Business operators worry about sales outlook as interest rates bite

Rising rates, patchy sales growth and concerns about the fading impact of stimulus measures has resulted in a slight dip in sales expectations among Australian business operators for the June quarter, according to new data from credit agency Dun & Bradstreet.

D&B’s quarterly expectations survey shows a slight fall in sales expectations among executives, with the index measuring sales falling 15% to 28 index points. The survey shows 39% of firms expect sales to increase in the June quarter, while 11% are bracing for a fall.

However, there are signs that expectations still remain a fair bit in front of actual conditions. During the March quarter, the 29% of the firms surveyed reported a rise in sales against the previous corresponding period, while 25% saw a fall in turnover.

While there is some concern among executives about sales, profit and employment expectations remain extremely strong.

Happily for the Reserve Bank, which has been becoming increasingly concerned about the spectre of inflation, there are signs that upward pressure on selling prices is easing. While one in five firms still expect to increase selling prices in the coming quarter, 5% expect to reduce prices.

Adding weight to the argument that selling price pressures may be decreasing are figures from the March quarter, which showed 8% of firms cut prices, compared to 18% which increased them.

“The reduction in selling price expectations is a positive sign to ease government concerns about growing inflation,” Christian says.

“Given that the RBA has listed rising selling prices as a key trigger for interest rate rises, this may reduce the need for further immediate action by the central bank.”

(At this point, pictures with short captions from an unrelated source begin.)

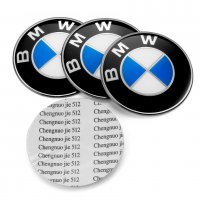 Емблема на BMW за джантите, колелата на автомобила лого БМВ E46 E30 E39 E34 E90 E60 E87 M3 F4 F10 F2, снимка 4 - Аксесоари и консумативи - 21531126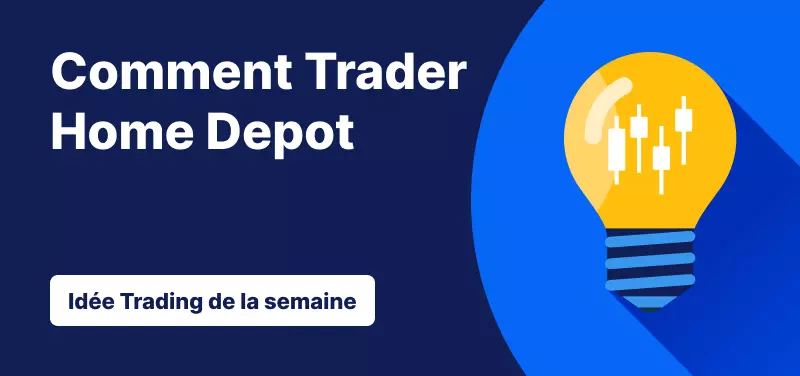Trader l'Action Home Depot suite à la Performance du T2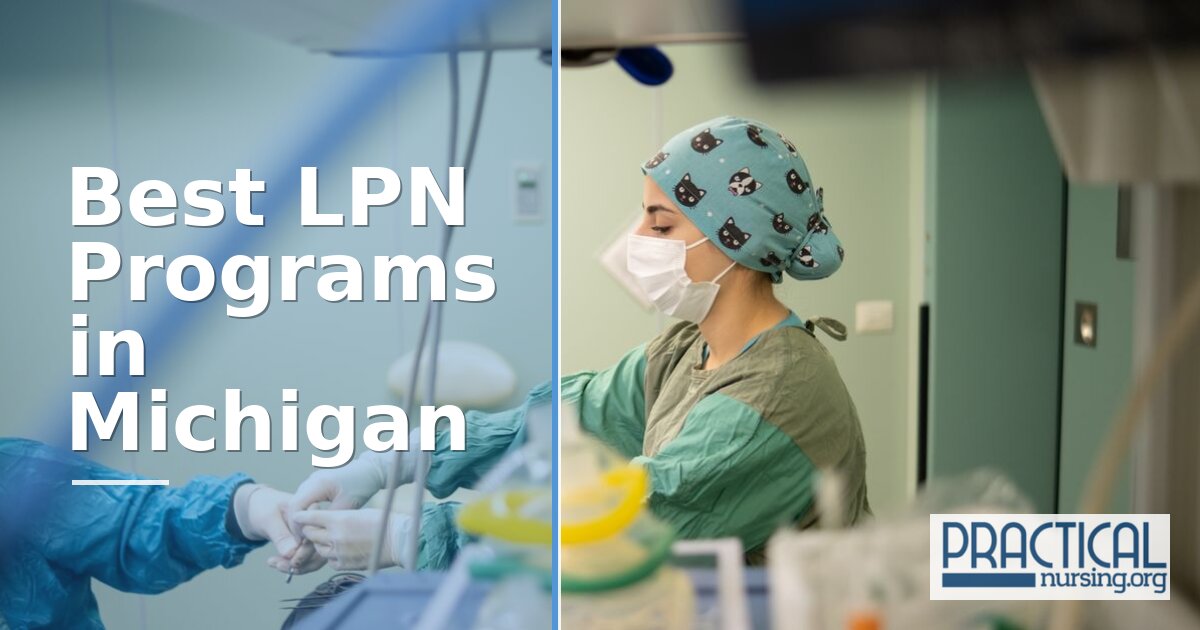 Best LPN Programs in Michigan 2027
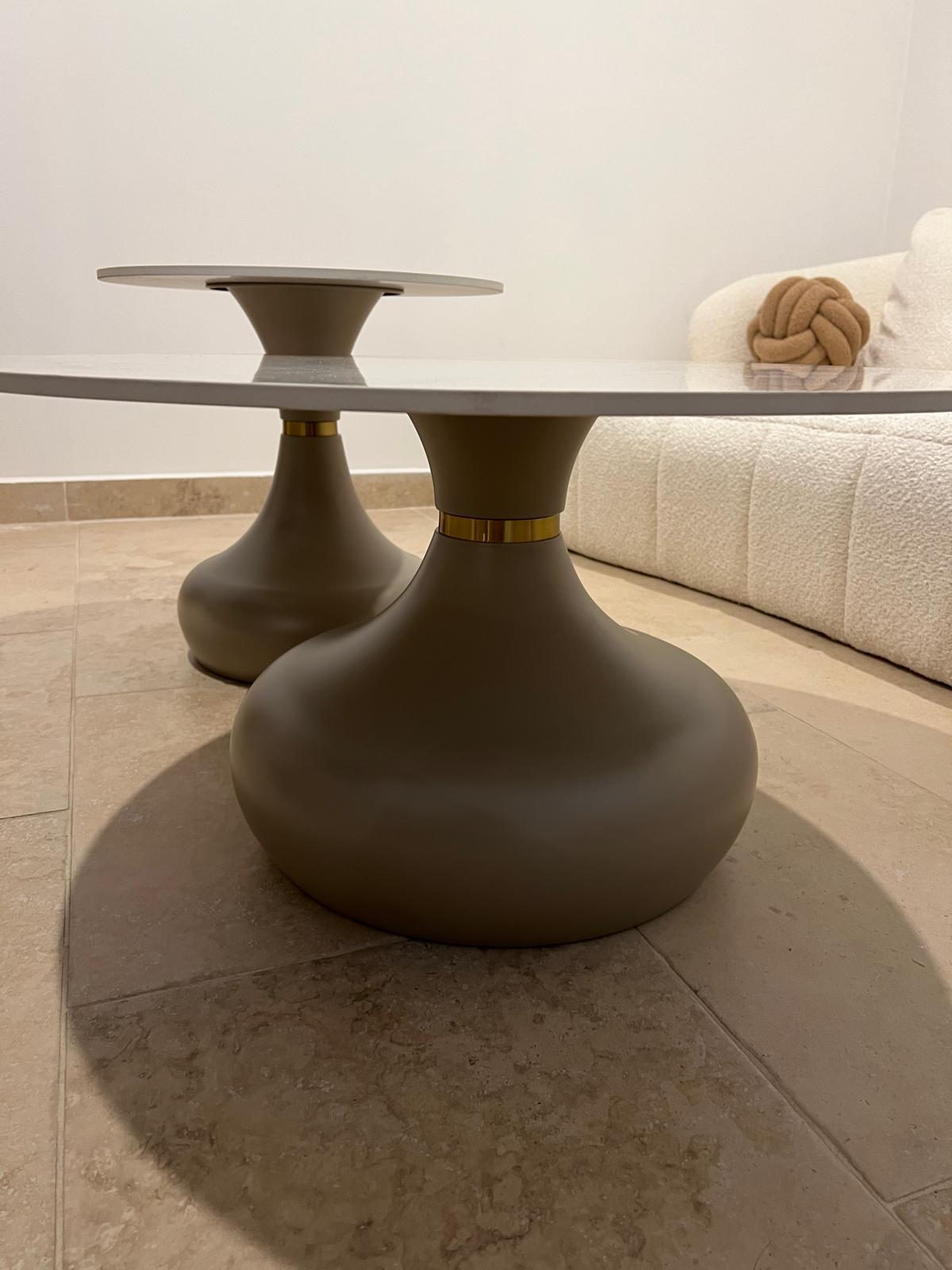 table basse en céramique lots de 2 table (Copie) (Copie) (Copie)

Any signs that the RBA could be about to lift the finger from the interest rates trigger will be welcome news to business operators – 33% of executives nominated higher rates as the biggest influence on their business in the June quarter.

Other major concerns include wage growth, (23% ranked this as their top worry), fuel prices (17%) and access to credit (17%).

Just like consumers, it appears that businesses are on something of a spending “strike”. The survey found 27% of executives plan to reduce their current business debt levels in the next three months, 16% by a significant amount and 11% moderately.

Only 10% plan to increase debt levels, highlighting both a conservative approach to business investment and on-going issues with credit availability.